As I think I’ve mentioned a
couple dozen few times, I’ve really been suffering from some back and shoulder pain. So much so that last week I took the step of getting a therapeutic massage. It was my first serious massage, and the results as far as the area that had given me problems over the past few weeks were great. No more pain there.
Good news, right? Yes, but now every other part of my neck, back and shoulders hurts. The therapist had warned me to expect that as an after effect of the therapy. There were big knots in almost every area he massaged, and the manipulation of those tissues will leave the area a bit sore. It’s much better now than on Friday evening.
One bit of homework I have is to focus on breathing for relaxation. Besides relaxing my muscles, one of the benefits of massage of this type is that it improves oxygen flow and increases blood circulation, thus lowering blood pressure and heart rate. I like that. I like it a lot. I’d like it even more if I could maintain that improvement.
Enter, breathing exercises. Focused breathing is a great de-stresser, and since I tend to tense up during times of stress, it’s a natural for me.
The breathing exercises below are easy. So easy that they may seem silly, but they work!
My favorite breathing exercise is one I’ve shared before: Breathe slowly, counting backward from 60, inhaling through your nose on the even numbers and exhaling through your mouth on the odd numbers.
I have no idea where I learned this method or why it works so well, but it really works at slowing things down for me, physically and mentally. I do this one a lot when I’m going to sleep, and also when I’m in the doctor’s office for my blood pressure check-up.
The next exercise is a great one for calming down, too. You can do it for 3 or 4 repetitions or for several minutes as a form of meditation.You can also do this exercise sitting or standing, as long as you are in a relaxed position.
– Slowly inhale through your nose, silently counting to five.
– Exhale slowly, silently counting to eight as the air leaves your lungs.
– Repeat several times. As you breathe, keep your shoulders relaxed and let your abdomen expand outward instead.
Another super simple breathing exercise also focuses on the abdomen (getting the diaphragm to do it’s job.)
– Sit comfortably in a chair, with one hand on your belly and the other on your chest.
– Breathe in slowly and deeply through your nose. Feel the cool air on the tips of your nostrils. Focus on the way your stomach expands as your lungs fill with air.
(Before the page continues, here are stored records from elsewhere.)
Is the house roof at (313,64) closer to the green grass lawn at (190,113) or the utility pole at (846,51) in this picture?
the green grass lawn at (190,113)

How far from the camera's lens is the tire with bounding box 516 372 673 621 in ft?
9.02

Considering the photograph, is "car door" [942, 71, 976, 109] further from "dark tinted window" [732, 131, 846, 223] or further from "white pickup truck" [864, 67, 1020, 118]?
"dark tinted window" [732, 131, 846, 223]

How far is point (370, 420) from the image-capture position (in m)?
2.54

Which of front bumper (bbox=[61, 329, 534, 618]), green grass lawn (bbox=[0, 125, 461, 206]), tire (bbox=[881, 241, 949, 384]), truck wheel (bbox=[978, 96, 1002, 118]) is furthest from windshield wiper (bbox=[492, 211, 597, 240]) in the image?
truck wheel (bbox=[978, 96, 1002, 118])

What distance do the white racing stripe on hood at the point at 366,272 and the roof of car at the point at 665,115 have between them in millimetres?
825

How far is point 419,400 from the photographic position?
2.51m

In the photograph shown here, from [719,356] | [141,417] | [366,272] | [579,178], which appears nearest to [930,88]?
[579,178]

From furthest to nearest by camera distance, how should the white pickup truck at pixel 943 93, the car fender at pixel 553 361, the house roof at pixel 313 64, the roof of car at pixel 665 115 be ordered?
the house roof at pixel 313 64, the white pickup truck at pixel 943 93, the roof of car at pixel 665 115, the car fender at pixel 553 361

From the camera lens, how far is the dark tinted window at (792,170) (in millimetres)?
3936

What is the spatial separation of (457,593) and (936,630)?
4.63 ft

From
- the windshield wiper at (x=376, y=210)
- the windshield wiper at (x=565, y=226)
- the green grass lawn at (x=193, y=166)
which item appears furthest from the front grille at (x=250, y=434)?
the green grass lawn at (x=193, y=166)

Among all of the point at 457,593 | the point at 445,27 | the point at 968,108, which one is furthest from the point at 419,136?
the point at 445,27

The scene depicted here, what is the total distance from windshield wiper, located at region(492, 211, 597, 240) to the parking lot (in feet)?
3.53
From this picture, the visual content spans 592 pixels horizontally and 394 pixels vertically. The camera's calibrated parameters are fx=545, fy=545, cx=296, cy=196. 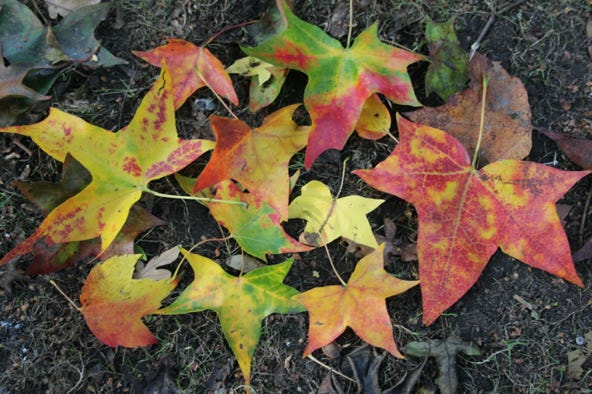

– Exhale to a count of five, again focusing on the stomach as it deflates.
– Repeat several times.
Finally, here’s a good breathing exercise for first thing in the morning. It’s great for getting rid of the stiffness that sleep sometimes brings.
– In a standing position, knees bent slightly, bend forward from the waist and let your arms dangle to the floor.
– Inhale slowly and deeply, gently rolling or unfolding your body upward to a standing position again.
– Hold your breath and stand still for 2-3 seconds and then exhale slowly as you bend forward again from the waist, returning to the original position.
Easy, right? It’s hard to believe such simple techniques are actually beneficial, but they are. They relax AND energize me, which seems kind of strange when you think about it. I suppose what they do is relax me so that my energy is redirected in a positive way.
I hope you can take a few minutes today to sit still and breathe. Your body will thank you for it.